Fully agree with this: Chernobyl is already lush with wildlife... Hiroshima and Nagasaki are habitable cities of hundreds of thousands of people again.
Even assuming that in 2077 a nuclear meltdown or whatever is far more potent via dealing with more potent tech and uranium/plutonium/etc., it just seems unlikely that over two centuries would pass and the area would be so heavily irradiated. Especially so because there are areas of zero radiation only a couple miles away.
I absolutely love the concept of the Glowing Sea, and it makes for great gameplay, but it doesn't seem very plausible. Then again, lots of stuff in FO has always been highly unlikely: computers that still run after 200 years and even still have files and memory from before the war... roads that still have pavement to them despite being out in currently uninhabited areas... unmaintained pre-war buildings that have massive structural damage from the blast yet are standing 200 years later.
Personally, I've grown to love the implausibility of FO, especially because FO embraces it with its zany, 1950's-era tone.
But, yeah, the way radiation works is often one area where I sort of can't wrap my head around it. I mean, the Atlantic coast's water all along the map is irradiated after 200 years? And the Glowing Sea exists? Just more FO implausibility!
Not a damned thing.
Well, other than the enemies. Got to watch a legendary alpha deathclaw and legendary albino radscorpion throw down.
Also, it's super easy to go through on survival in Tshirts. All you need is a stack of radaway and Rad X, oh and skills to not get swatted but that's all, power armor or rad suit isn't needed with chems (even chems without skill extensions).
It's more likely that the radiation of the bomb the wanderer saw did clear up already, as the south east is relatively teeming with life.
The south west has to be a more recent unexplained nuke... and we know people in the common wealth just love playing with nukes on a regular basis. Which makes a ton of sense at is is a religious zealot site for children of the 'atom'.
And then there's the "fridge logic"
You get there on the mainline quest to visit someone hiding from the institute, but Nick tells you that he's an ideal companion for the area _because_ he is a synth.
a stupid vertibird pilot dropped me on top of one in the glowing sea and then flew off while I was sprinting for my life. if I ever find that pilot!...
and from a gameplay point of view, you could just go there right away and take the best items in the game, when you've just left the vault.
Also, it's been over 200 years, the radiation would have died down a fair bit in that time.

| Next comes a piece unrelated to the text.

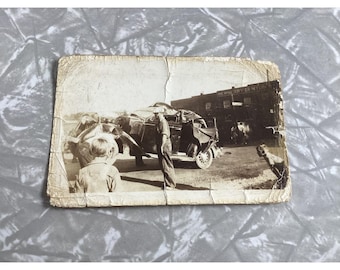 Vintage 1930s Car Accident Photo Newberry-Denton Building Wreck Snapshot 4.5x3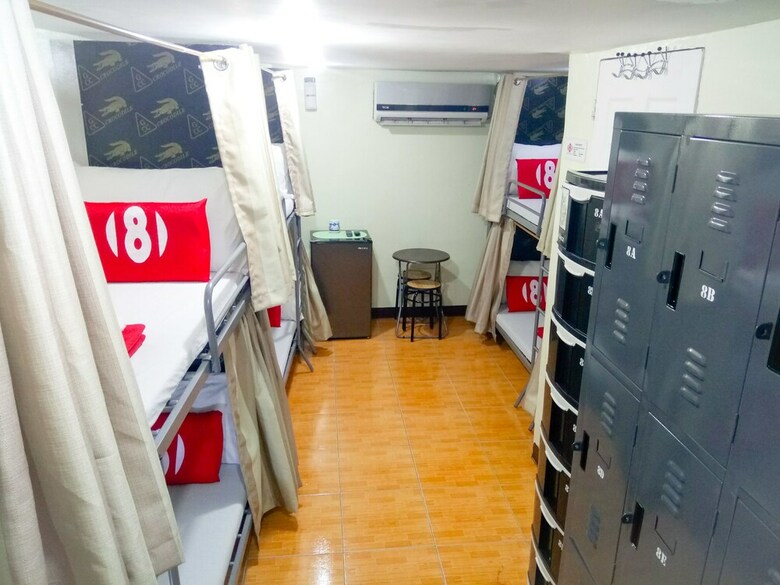 8hostel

Legendary Deathskull Radscorpions and Albino Deathclaws do not make the journey seem worthwhile. My power armour made me virtually invulnerable to any environmental damage and I got by with just a handful of Radaways. I thought it was going to be like that Super Mutant camp in FO3 where you couldn't pump enough RadX and Radaway to survive long enough to run away.
:P
Not a bad place imo.
The magazine to grab there is useful.
And it is easy to pockpicket a lot of gama rounds (rare and exp.) from those dudes... if something goes wrong, np, they are not needed for anything else.

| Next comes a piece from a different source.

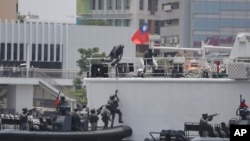 2023年6 10日，台灣海岸警衛隊士兵在台灣西南高雄港進行海上反恐演習。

People have the idea that nuclear war is survivable because of the bombs dropped on Japan. That's all we've seen. The Tsar bomb scared the Russians (and the US) so much that they never tested such a weapon again and probably was key to the Nuclear Test Ban Treaty signed 2 years later. As an interesting aside, the Tsar bomb was a multistage device in which a fission bomb (Atom bomb ie Hiroshima) is used to initiate a fusion blast (H Bomb). Very likely what North Korea recently attempted and failed to do only ending up with fission bit detonating.